Tesar brings out flank steak, ribeye and filet mignon along with a host of sides and a very cool dessert, a sort of strawberry mousse courtesy of his pastry chef, Eric Cobb. There isn’t a single thing on the menu—from 44 Farm Beef Tartare to Bacon Tasting of Five Varieties—that isn’t cool. Everything is prepared and presented the best possible way after a lifetime of trial runs in the kitchen, seasoned with nothing more than salt and freshly ground pepper. It follows that even in a crowd of haters, no one can claim John Tesar can’t cook (at least, out loud, where he can hear them). His reputation doesn’t outwardly faze him. “When I wasn’t famous I was an asshole because I was tired of fighting to get to be a celebrity,” he explains. “Now that I’m basically a C/D list celebrity in the culinary world, I don’t care anymore. And I think as you get older and more successful you should just become more humble and giving instead of more celebrated and an asshole. This day and age you have to keep inventing yourself or you’ll get left behind.

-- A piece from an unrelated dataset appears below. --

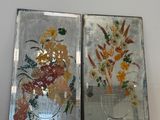 two mirrors that have flowers on them on a shelf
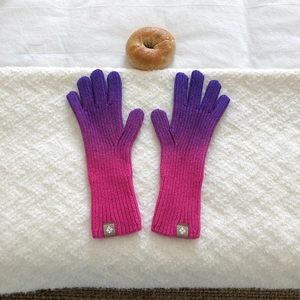 Close-up of gradient purple knit touch screen gloves with circular logo tag on white fabric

But that’s the great challenge of maturation and growing older.

“I’m proud of what I’ve done,” he goes on. “To anyone who’s ever called me a derogatory name or called me an asshole or something like that—I just laugh it off. This is American culture. If you fail, people stone you. Then you hit a certain level of success and people try to adulate you or kind of emulate you. Then there’s another layer where they want to stone you again. They build you up, and then want to tear you down and question if you’re real or hyped. I’ve always proved I’m above the hype. I’m not all talk and no action. I try to get better every day and bring things to Dallas that aren’t here.”

One of the sections in his new book opens “mistakes happen quickly; comebacks take a long time.” He’s certainly proven that. The John Tesar of today has mellowed out. He’s surrounded by a staff that genuinely seems to enjoy working for him and despite restaurant closures, disastrous falling outs and enraged appearances on Top Chef, he has climbed to the peak of his celebrity status in his 50’s and been crowned a controversial king of steak in the steak capital of the world. I suspect that John Tesar has what he’s been chasing and might be ready to call it a win. That’s not to say that he’s throwing in the apron; cooking is in his blood. I certainly hope he keeps at it. But for what it’s worth, his creed for success these days is, “You stay with it and you have integrity and talent, and you round off your sharper edges.” Surrounded by plates of unbelievably delicious steaks and discussing the future, it would seem he’s doing just that.

So is John Tesar really a genius but a hothead whose cayenne-pepper fury can boil water from ten feet away? Yes. And he may still have one or two of those sharp edges. But perhaps he’s also standing on the verge of a quieter life that offers some distance from the kitchen and the accompanying fire.